Hari berikutnya, Rasulullah menanyakan hal yang sama. Hingga 3 kali, pada 3 hari berturut-turut. Di hari ketiga, Sang Nabi mengajak Julaibib ke salah satu rumah seorang pemimpin Anshar.
”Kupinang puteri kalian untuk Julaibib,” kata Rasulullah pada tuan rumah.
“Demi Allah tidak akan pernah puteri kami menikah dengan Julaibib,” jawab tuan rumah.
Namun, tiba-tiba sang gadis dari balik tirai berkata, ”Apakah kalian hendak menolak permintaan Rasulullah? Demi Allah, kirim aku padanya. Karena Rasulullah yang meminta, maka tiada akan membawa kehancuran dan kerugian bagiku.”
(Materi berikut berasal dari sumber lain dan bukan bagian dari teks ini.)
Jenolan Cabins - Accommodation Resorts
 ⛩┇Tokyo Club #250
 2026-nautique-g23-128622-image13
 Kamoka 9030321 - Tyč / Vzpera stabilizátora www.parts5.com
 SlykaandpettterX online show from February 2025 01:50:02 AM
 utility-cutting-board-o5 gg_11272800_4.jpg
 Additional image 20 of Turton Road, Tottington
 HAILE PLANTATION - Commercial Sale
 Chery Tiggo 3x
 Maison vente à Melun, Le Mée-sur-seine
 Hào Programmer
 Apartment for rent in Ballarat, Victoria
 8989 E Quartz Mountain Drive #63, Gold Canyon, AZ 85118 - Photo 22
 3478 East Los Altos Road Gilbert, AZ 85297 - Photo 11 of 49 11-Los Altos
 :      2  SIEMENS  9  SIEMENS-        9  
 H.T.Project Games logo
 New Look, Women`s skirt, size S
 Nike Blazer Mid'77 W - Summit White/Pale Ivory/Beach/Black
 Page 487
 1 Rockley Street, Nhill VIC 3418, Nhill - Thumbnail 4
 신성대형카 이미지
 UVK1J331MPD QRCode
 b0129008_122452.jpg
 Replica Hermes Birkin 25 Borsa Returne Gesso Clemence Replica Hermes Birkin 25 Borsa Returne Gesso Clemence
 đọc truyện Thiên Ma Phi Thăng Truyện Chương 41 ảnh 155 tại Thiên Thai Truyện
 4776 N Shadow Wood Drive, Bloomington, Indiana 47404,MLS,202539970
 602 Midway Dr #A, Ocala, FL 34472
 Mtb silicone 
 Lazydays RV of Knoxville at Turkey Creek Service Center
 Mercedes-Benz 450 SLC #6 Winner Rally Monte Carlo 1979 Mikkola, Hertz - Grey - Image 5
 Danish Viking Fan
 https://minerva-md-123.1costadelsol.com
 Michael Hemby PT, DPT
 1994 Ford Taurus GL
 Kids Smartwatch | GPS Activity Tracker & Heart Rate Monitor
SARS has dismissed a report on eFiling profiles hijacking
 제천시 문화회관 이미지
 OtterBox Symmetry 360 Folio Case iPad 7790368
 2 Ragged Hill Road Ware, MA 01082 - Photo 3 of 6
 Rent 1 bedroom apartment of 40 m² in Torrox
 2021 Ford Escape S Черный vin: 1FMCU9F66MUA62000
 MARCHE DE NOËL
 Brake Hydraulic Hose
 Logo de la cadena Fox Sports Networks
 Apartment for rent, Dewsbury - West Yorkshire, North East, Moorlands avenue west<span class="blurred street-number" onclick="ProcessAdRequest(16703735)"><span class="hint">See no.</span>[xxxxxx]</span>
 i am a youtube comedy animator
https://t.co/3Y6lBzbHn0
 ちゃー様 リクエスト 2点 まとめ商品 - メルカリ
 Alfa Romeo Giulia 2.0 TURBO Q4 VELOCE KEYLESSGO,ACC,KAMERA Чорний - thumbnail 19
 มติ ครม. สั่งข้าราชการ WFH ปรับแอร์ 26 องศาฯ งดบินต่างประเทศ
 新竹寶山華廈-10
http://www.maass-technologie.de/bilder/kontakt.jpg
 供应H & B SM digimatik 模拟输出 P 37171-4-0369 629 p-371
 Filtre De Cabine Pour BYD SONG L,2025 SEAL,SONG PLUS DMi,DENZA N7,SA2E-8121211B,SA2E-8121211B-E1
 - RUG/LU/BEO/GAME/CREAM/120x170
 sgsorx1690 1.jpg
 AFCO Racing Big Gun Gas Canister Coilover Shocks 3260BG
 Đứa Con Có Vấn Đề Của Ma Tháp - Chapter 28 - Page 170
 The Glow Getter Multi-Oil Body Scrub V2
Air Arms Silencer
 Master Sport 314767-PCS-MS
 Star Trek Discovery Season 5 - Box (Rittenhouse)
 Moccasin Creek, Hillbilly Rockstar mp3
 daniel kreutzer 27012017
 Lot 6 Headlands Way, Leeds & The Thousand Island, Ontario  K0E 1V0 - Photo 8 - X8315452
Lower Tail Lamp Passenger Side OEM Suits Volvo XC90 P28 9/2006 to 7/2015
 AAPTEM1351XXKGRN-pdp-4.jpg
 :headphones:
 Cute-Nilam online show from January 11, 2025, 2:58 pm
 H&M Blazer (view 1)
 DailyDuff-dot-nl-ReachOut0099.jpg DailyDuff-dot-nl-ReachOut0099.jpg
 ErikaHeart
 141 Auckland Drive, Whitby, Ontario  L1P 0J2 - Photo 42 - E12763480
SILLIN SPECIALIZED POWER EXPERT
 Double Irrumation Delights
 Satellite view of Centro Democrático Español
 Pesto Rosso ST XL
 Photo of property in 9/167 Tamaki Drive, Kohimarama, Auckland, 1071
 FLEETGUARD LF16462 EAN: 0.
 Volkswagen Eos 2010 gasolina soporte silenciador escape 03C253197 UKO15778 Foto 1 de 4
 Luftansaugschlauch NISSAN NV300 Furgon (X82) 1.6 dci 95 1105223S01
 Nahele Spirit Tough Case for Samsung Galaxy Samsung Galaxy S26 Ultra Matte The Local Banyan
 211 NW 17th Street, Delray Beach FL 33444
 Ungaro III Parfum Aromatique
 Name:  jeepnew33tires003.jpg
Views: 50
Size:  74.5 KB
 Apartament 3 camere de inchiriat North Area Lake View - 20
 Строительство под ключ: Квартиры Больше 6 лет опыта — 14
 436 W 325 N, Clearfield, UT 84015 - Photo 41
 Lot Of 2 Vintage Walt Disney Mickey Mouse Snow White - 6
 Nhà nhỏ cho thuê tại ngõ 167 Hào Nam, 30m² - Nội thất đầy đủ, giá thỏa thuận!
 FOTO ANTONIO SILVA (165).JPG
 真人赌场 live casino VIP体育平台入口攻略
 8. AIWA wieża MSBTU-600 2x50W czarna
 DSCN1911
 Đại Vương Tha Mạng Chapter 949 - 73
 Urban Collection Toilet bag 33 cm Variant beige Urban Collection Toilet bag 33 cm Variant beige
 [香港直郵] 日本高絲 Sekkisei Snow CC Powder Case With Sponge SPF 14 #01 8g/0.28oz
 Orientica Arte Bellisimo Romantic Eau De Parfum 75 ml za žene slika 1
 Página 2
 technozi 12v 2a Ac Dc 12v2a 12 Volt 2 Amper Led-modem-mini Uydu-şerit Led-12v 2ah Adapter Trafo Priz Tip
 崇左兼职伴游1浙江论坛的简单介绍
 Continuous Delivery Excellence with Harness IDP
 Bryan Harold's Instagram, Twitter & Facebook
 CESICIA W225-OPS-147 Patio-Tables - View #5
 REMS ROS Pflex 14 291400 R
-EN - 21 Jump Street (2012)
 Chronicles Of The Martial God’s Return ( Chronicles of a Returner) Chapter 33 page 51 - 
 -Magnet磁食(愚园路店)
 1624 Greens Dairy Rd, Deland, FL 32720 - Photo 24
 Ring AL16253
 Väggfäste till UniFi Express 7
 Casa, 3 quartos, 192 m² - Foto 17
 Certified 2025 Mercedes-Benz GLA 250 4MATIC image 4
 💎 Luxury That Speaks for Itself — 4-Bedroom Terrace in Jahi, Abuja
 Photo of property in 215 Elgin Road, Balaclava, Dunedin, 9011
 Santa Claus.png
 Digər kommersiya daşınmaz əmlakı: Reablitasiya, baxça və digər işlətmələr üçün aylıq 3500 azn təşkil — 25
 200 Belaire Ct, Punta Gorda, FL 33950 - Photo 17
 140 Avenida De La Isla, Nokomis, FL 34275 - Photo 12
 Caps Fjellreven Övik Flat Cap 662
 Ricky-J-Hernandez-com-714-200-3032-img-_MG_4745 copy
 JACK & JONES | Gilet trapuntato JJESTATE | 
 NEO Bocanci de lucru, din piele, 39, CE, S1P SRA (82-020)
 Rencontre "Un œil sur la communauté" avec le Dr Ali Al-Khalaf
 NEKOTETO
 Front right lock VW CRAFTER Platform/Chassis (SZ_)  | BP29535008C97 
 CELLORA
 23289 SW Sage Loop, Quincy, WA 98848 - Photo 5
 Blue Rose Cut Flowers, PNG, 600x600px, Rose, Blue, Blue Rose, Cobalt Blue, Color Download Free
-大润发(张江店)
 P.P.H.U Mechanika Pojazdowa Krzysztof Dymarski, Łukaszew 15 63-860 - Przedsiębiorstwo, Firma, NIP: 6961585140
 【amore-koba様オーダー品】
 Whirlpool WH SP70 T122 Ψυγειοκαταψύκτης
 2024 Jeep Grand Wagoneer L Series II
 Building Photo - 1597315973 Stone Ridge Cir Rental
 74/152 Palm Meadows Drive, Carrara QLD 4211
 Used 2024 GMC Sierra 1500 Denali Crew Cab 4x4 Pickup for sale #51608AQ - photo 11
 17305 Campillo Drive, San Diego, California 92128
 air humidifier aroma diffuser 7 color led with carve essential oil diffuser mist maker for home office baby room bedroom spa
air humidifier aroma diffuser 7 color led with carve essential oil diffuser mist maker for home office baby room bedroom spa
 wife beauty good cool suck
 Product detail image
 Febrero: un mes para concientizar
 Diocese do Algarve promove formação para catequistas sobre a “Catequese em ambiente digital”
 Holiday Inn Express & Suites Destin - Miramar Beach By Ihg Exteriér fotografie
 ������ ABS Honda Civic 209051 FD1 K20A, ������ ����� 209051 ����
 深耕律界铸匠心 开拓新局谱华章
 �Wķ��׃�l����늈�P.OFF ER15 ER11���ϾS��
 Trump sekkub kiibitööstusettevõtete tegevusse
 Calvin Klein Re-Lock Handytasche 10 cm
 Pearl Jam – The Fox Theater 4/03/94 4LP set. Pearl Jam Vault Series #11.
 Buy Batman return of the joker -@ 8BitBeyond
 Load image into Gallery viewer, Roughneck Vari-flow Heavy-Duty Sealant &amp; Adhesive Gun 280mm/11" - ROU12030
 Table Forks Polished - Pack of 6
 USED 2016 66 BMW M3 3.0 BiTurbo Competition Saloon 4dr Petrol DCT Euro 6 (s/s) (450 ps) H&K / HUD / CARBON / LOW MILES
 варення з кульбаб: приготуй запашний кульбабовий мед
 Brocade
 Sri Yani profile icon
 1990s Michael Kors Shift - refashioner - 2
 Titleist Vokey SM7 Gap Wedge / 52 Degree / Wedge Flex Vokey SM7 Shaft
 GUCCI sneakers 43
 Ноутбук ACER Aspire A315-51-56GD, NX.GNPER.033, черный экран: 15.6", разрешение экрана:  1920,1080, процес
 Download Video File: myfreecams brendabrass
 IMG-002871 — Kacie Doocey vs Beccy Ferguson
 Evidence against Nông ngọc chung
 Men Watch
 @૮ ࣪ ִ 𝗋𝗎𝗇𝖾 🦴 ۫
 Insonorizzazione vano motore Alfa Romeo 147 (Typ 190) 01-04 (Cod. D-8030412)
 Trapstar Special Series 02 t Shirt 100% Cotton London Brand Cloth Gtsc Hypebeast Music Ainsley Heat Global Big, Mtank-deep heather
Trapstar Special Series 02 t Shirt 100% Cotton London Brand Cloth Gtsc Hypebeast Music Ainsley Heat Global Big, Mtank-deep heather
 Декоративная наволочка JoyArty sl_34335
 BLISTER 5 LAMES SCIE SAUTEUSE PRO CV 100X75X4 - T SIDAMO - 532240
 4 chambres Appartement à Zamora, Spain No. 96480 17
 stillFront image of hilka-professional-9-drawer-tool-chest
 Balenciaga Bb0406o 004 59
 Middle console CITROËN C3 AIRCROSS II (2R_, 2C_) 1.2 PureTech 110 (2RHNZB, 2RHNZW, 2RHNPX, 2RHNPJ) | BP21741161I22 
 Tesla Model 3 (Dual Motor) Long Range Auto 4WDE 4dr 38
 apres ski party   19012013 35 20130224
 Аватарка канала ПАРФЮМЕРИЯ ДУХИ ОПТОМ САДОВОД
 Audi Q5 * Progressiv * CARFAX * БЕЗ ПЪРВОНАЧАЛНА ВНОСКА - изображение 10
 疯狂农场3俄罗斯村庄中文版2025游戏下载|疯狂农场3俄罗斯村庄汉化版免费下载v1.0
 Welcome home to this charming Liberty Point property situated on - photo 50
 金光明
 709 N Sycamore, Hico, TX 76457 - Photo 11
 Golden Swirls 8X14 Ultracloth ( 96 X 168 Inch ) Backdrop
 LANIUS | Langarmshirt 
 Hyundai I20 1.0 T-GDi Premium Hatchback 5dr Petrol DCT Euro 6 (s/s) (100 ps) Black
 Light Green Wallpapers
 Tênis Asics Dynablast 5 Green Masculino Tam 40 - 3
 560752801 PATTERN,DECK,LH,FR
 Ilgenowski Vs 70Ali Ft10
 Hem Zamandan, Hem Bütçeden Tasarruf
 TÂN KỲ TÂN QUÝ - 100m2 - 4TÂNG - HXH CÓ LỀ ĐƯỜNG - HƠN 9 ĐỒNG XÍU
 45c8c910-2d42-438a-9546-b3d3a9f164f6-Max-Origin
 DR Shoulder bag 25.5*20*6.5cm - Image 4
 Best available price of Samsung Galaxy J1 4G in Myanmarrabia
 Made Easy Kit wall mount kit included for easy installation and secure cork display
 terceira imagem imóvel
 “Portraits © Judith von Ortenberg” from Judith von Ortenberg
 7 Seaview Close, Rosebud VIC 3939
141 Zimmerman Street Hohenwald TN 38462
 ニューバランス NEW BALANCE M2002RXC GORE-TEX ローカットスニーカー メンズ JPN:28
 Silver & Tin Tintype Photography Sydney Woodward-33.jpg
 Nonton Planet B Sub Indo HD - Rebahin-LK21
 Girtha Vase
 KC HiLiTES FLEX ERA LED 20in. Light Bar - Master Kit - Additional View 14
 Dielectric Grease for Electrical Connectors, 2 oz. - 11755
Mendengar itu sang Nabi berdoa untuk sang gadis, “Ya Allah, limpahkanlah kebaikan atas mereka, dalam kelimpahan yang penuh berkah. Janganlah Kau jadikan hidupnya payah dan bermasalah.”
Julaibib tak merutuki diri, tak menyalahkan takdir, menggenapkan pasrah dan taat pada Allah dan RasulNya. Maka pantas baginya sang gadis yang belajar agar cinta berhenti di titik taat pada Allah dan Rasul-Nya, karena adanya peluang bagi gelimang pahala.
Maka benarlah doa Sang Nabi. Allah karuniakan jalan keluar yang indah bagi semuanya. Kebersamaan di dunia itu tak ditakdirkan lama. Bidadari telah merindukan Julaibib. Dia lebih dihajatkan langit meski tercibir di bumi. Adapun isterinya, tak satupun wanita Madinah yang sedekahnya melampaui dia, hingga kelak para lelaki utama meminangnya.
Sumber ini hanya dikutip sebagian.